▶ Task directions
I would like the line with "To the New Mother-To-Be" and every line after it, down to the end of the entries below, output exactly and without pictures.
* * *
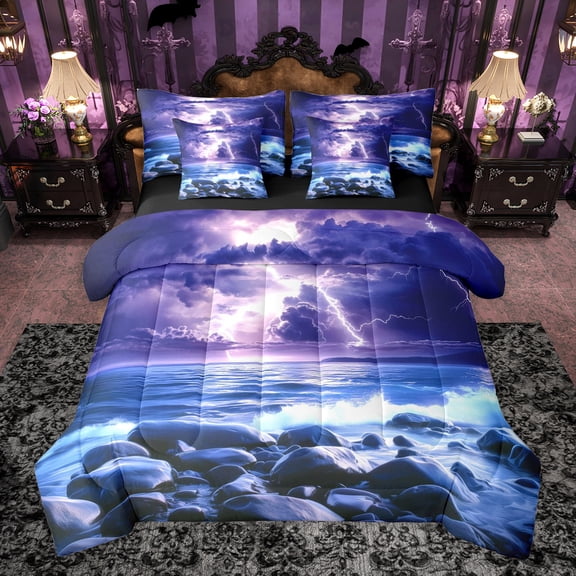Homewish Female Men Women Abstract Gradient Lightning Twin Bedding Sets 7-Piece,Natural Disaster Bedding Comforter Set Microfiber,Ocean Beach Breathable Sheet Sets,Breathable Home Decor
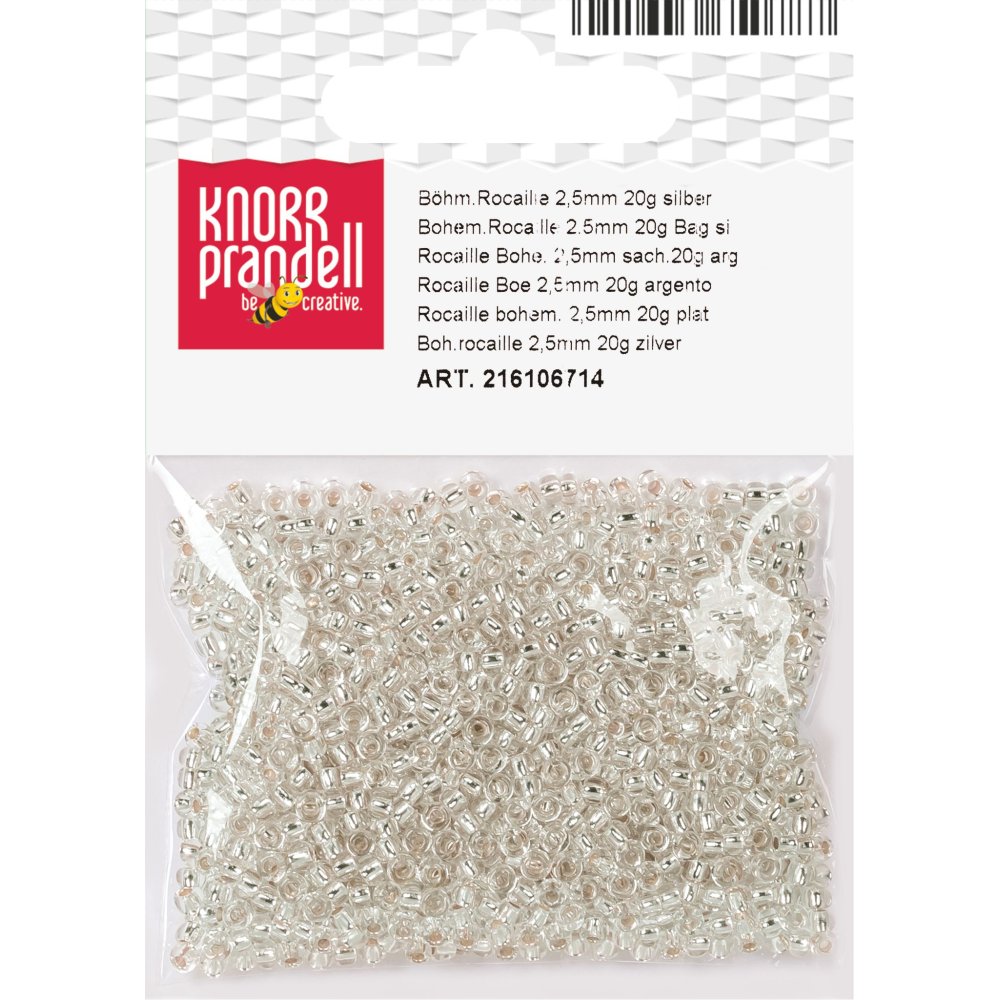 Rocailleperler 2,5 mm, 20 g, sølv - Blandinger av rocailleperler, Rocaillesperlor, Håndverk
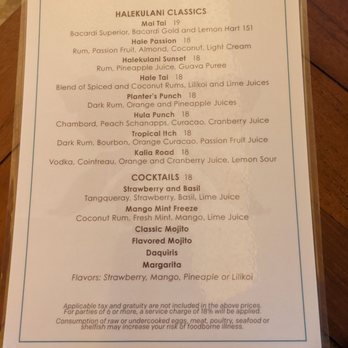 House Without A Key - Cocktail menu - Seafood Near Me - Honolulu, Hawaii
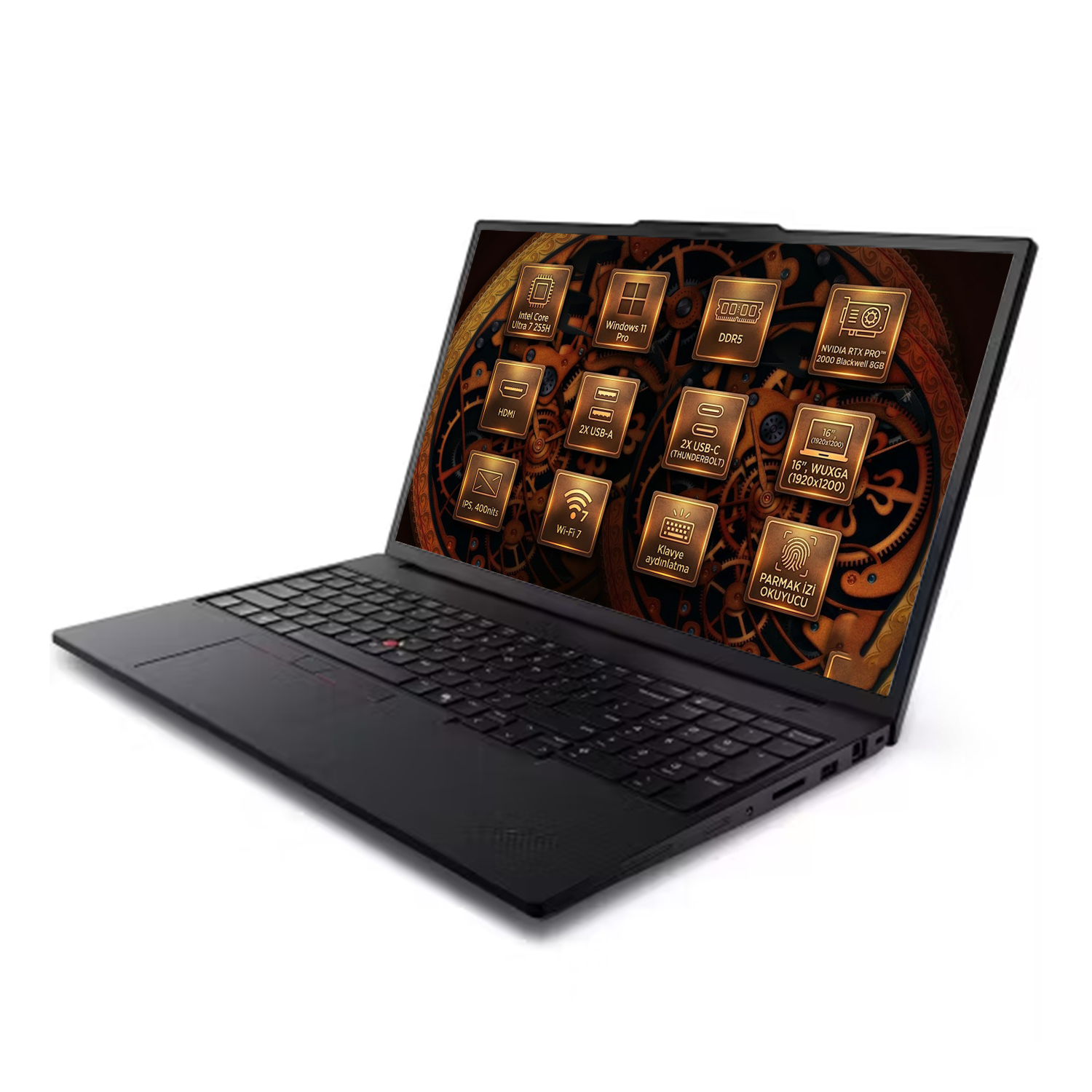 Intel Core Ultra 7, RTX 2000, DDR5, Wi-Fi 7 özellikli siyah dizüstü bilgisayar.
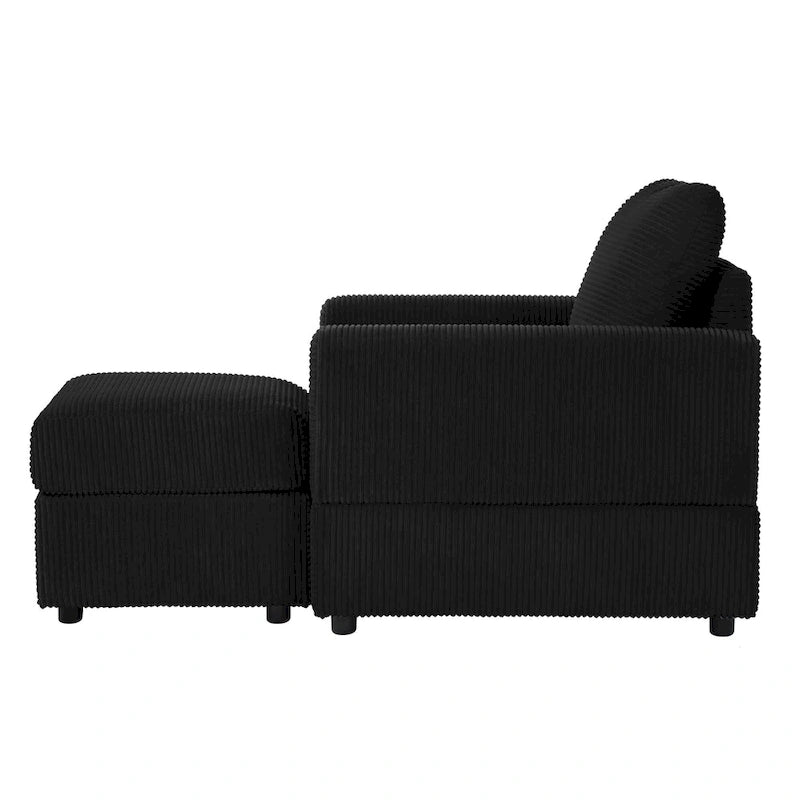 Grey Corduroy Club Chair with Ottoman, Single Seat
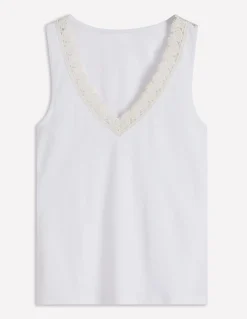 Boden Tops & T-Shirts-Débardeur Flora ultra-doux à détails en dentelle Blanc brillant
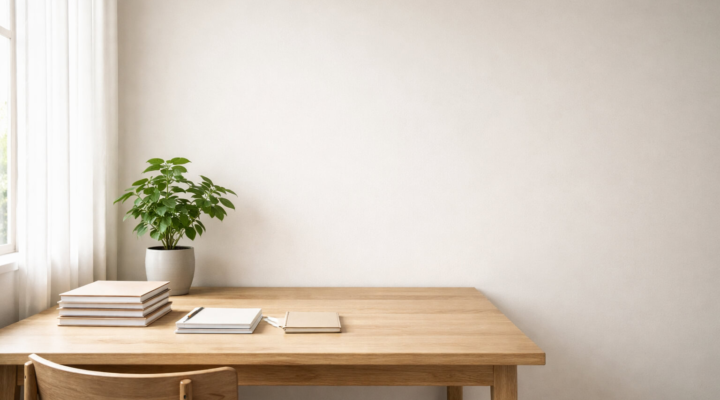 Mesa de madera clara junto a una ventana con luz natural difusa, cuadernos ordenados y una planta en maceta sobre fondo neutro.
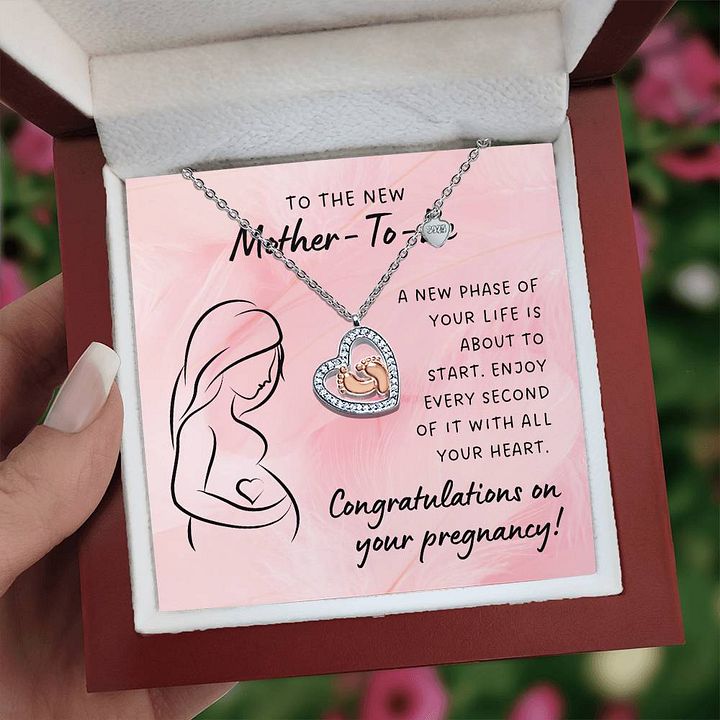 To the New Mother-To-Be Baby Feet Heart Necklace – New Phase Of Your Life product image (1)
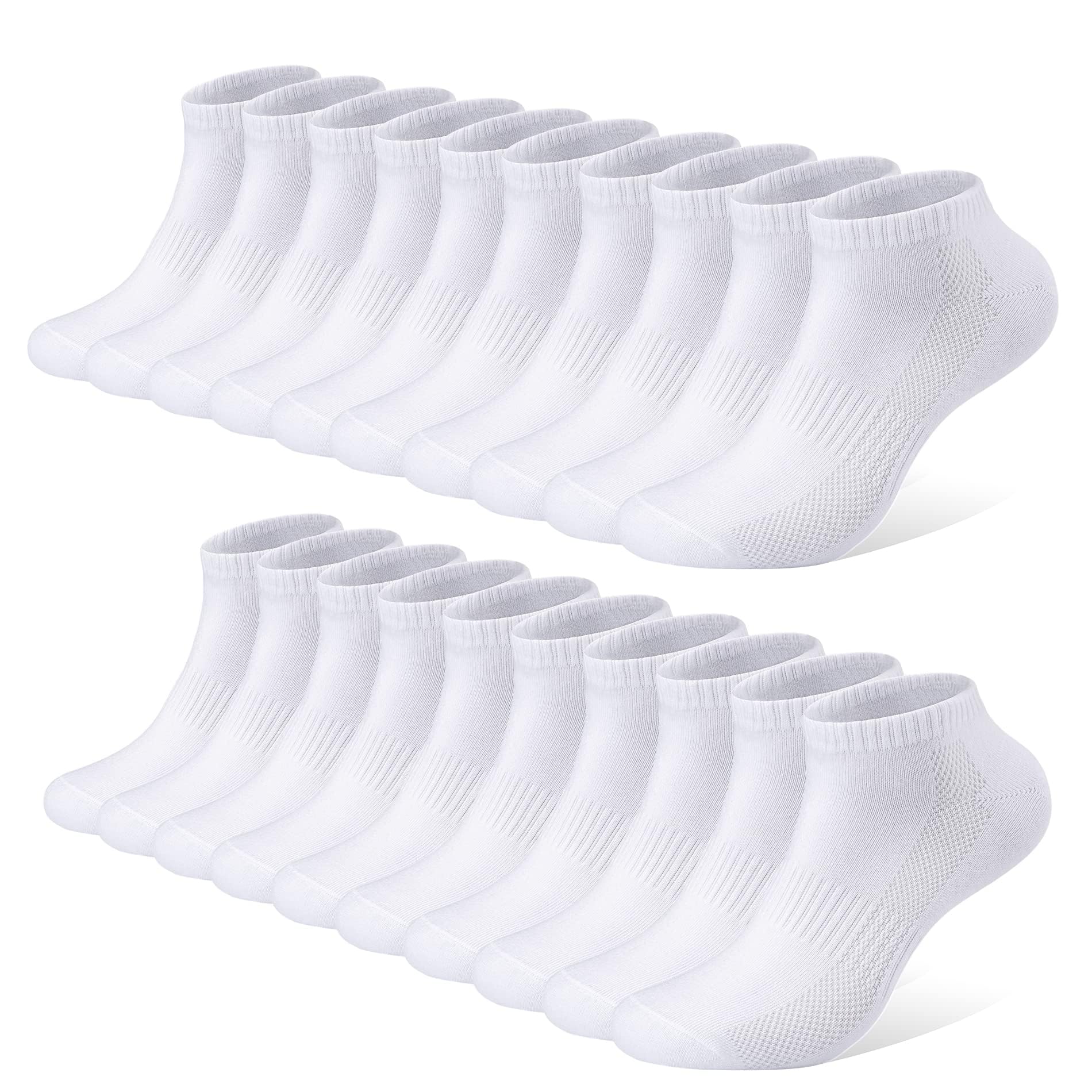 FALARY 10 Paar Sportsocken Sneaker Socken Herren Damen Bio Baumwolle Atmungsaktives Sneakersocken Laufsocken Baumwollsocken Kurze Socks Halbsocken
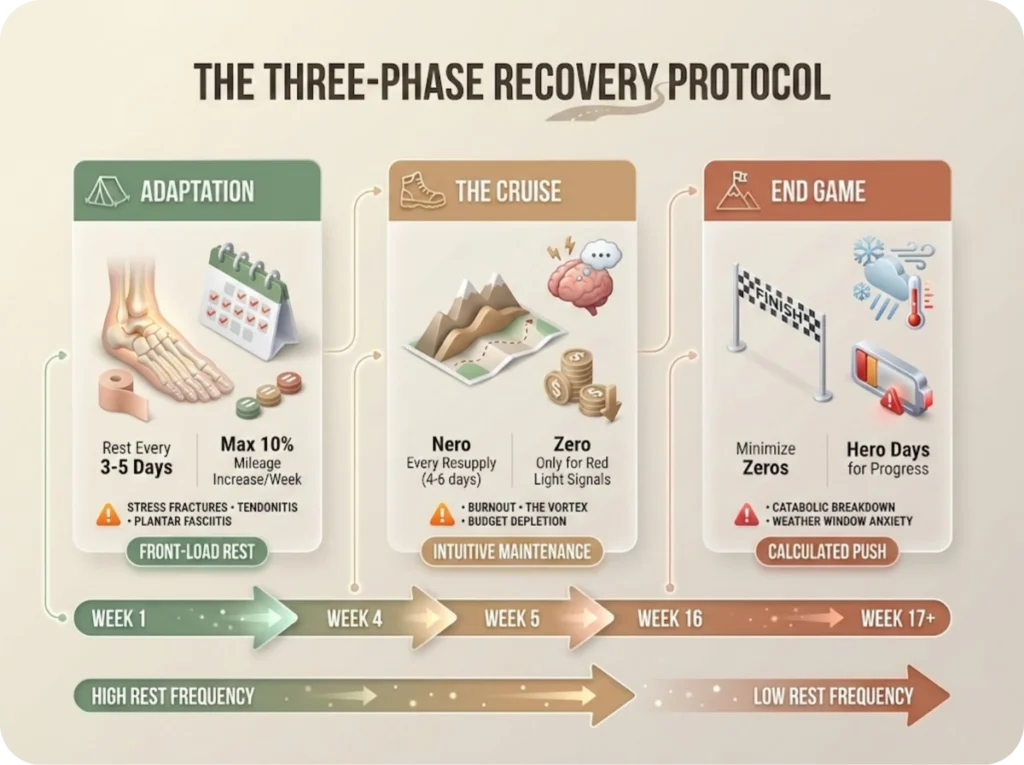 Thru-hiking three-phase recovery protocol timeline infographic showing Weeks 1-4 Adaptation phase, Weeks 5-16 Cruise phase, and Weeks 17+ End Game phase with recommended rest frequency and primary injury risks for each stage.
* * *
▶ Solution to the exercise
 To the New Mother-To-Be Baby Feet Heart Necklace – New Phase Of Your Life product image (1)
 FALARY 10 Paar Sportsocken Sneaker Socken Herren Damen Bio Baumwolle Atmungsaktives Sneakersocken Laufsocken Baumwollsocken Kurze Socks Halbsocken
 Thru-hiking three-phase recovery protocol timeline infographic showing Weeks 1-4 Adaptation phase, Weeks 5-16 Cruise phase, and Weeks 17+ End Game phase with recommended rest frequency and primary injury risks for each stage.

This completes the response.